Foto: Rüdiger Dehnen

Eigentlich wäre es mindestens eine 100.000-Euro-Frage: Wo befindet sich die päpstliche Hofglasmalerei Derix? A) Bologna B) Rom C) Kevelaer D) Madrid. Nichtniederrheiner würden sich mit der Antwort schwer tun – es sei denn, sie kämen aus Hiroshima, wären schon in Versailles gewesen, in Boston oder Island, denn überall dort hat die „Päpstliche Hofglasmalerei“Derix aus Kevelaer schon für Fenster gesorgt. Aber der Reihe nach …

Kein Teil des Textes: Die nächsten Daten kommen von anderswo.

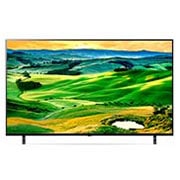 LG QNED 4K Smart TV รุ่น 65QNED80SQA | QNED l Refresh rate 120 Hz l LG ThinQ AI l Google Assistant, 65QNED80SQA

Im Jahr 1908 wurden die Glasmalerei-Werkstätten Derix zur „Päpstlichen Hofglasmalerei“ ernannt. Gegründet wurde die Firma bereits 1866 in Goch. Später folgten Filialgründungen in Kevelaer (1896) und Nimwegen (1919). Im Zusammenhang mit dem Auftrag für sechs Fenster der Sixtinischen Kapelle in Rom folgte (siehe oben) die Ernennung zur „Päpstlichen Hofglasmalerei“.
Im „Niederrheinischen Museum für Volkskunde und Kulturgeschichte“ in Kevelaer ist noch bis zum 29. Januar eine Sonderausstellung mit dem Thema „150 Jahre Glasmalerei Hein Derix Kevelaer/Goch“ zu sehen.
Wer sich für das Thema Glasmalerei interessiert, sollte sich die Ausstellung keinesfalls entgehen lassen, denn in Kevelaer ist eine Zusammenfassung dessen zu sehen, was das Handwerk zu bieten hat. Am besten ist es freilich, sich von einem der drei Chefs des Unternehmens durch die Ausstellung führen zu lassen, denn gerade beim Thema Glasmalerei gilt: Man sieht nur, was man weiß – und so viel steht fest: Es gibt eine Menge zu wissen. Der Beruf, der heute sachlich „Glasveredler“ heißt, nannte sich früher „Glas- und Prozellanmaler“. Die Glasmalerei ist eine Schnittstelle von Kunst auf der einen und Erfahrung (sprich: Handwerk und Know How) auf der anderen Seite. Wer den Weg vom Auftrag bis zum fertigen Fenster nicht kennt, steht zwar vor teils atemberaubend schönen Ergebnissen, ist aber letztlich ahnungs- und somit auch irgendwie ehrfurchtslos.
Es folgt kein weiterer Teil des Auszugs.